Tuesday, May 03, 2016

Predicting Physics

Say you're playing a game of football with Sandra Bullock. Sandra is running in some arbitrary direction, so you will want to throw the ball somewhere in front of where she is at the time of your throw. In addition to this, since gravity exists, you will also want to throw the ball upwards a bit. We intuitively understand these concepts, and carry out basic, inexact predictions like this all the time.

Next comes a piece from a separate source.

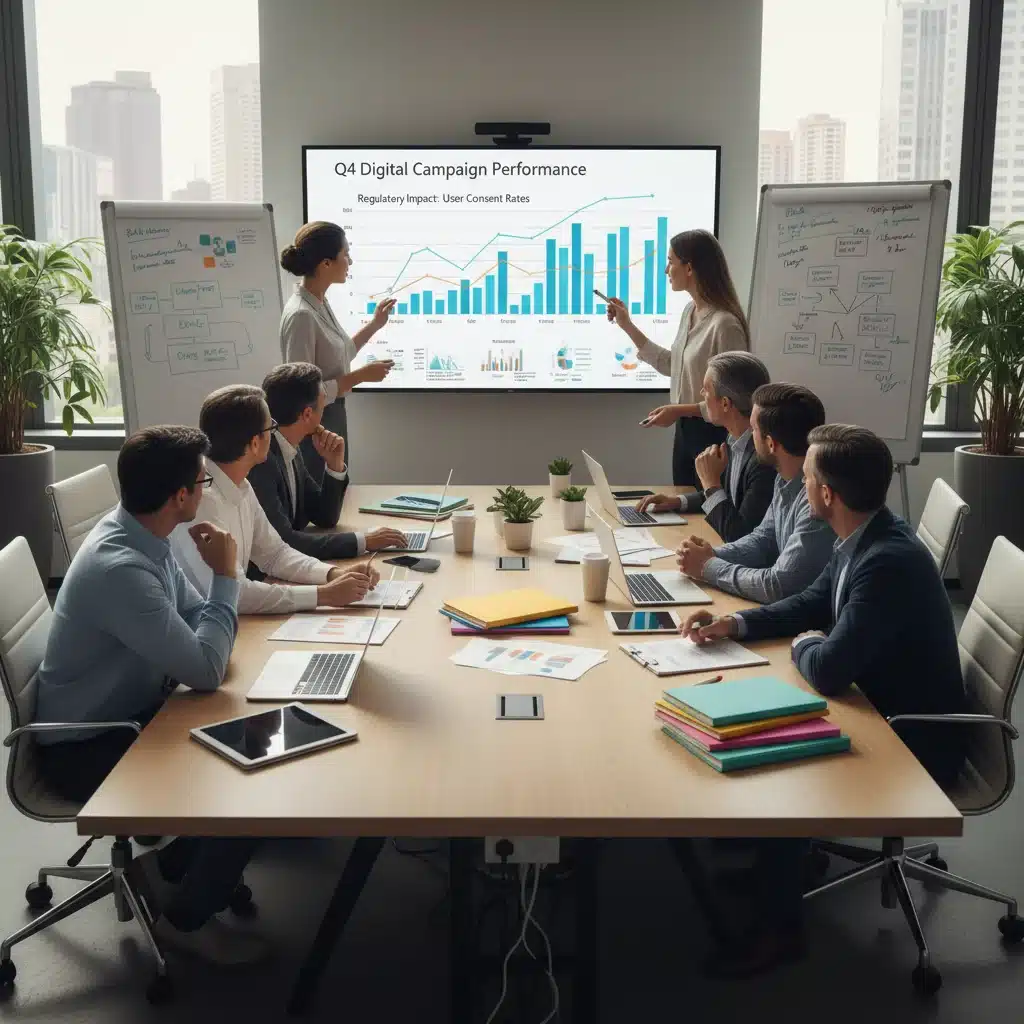 Marketing team collaborating and strategizing in an office, discussing digital marketing performance and compliance with new regulations.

Similarly, if you wanted to beam yourself from a planet onto a starship moving at warp speeds, I would imagine there would be a lot of physics predictions to take into account. Luckily, only rarely in games do we need to take relativity into account when predicting physics.

Predicting an object's physics is as easy as running your object's integrator (update) functions a bunch of times, without applying those new positions. If you have a fixed framerate, passing that fixed framerate into your special prediction integrator as its delta time will return a highly accurate prediction.

In my asteroid physics prediction demo, the first thing that had to be done was to calculate a time value. How far in the future should we predict? I derived that time value based off of the distance of the mouse cursor to the missile silo. This asked and answered the question of: "How much time will have passed given the missile's initial position at the silo (P1), the missile's final position (the mouse position, P2), and the linear speed of the missile?" A simple calculation:
t = distance between P1 and P2 / missile speed

 Given this time variable, solving for the final position of the asteroid was now possible. While the missile moved at a constant rate, the asteroid moved not only at a variable rate (acceleration), but a variable acceleration (jerk). Quite a complex calculation to do all in one go (I'm not sure if this is solvable using one equation). Luckily, computers are great at repetitive tasks!

So, in a for loop: 
for (float i = 0.0f; i < TOTAL_TIME; i += FIXED_TIME_STEP)

I integrated i times, and saved off the final position after simulating real-time physics in one frame.
Pretty simple! This was so interesting to work with, however, because the asteroids moved with variable vector accelerations defined by a gravitational force. The asteroid relied on only two variables to move: an initial speed and the force of gravity. Below is the derivation I used to go from this gravitational force to a manageable vector acceleration (which was then simply added to the velocity).


And that was it! A cool thing about predicting physics is it has nothing to do with the accuracy of your game's physics: no matter what kind of integrator function (real or imaginary) is implemented, predicting this physics is as easy as running a special version of the integrator for any given time.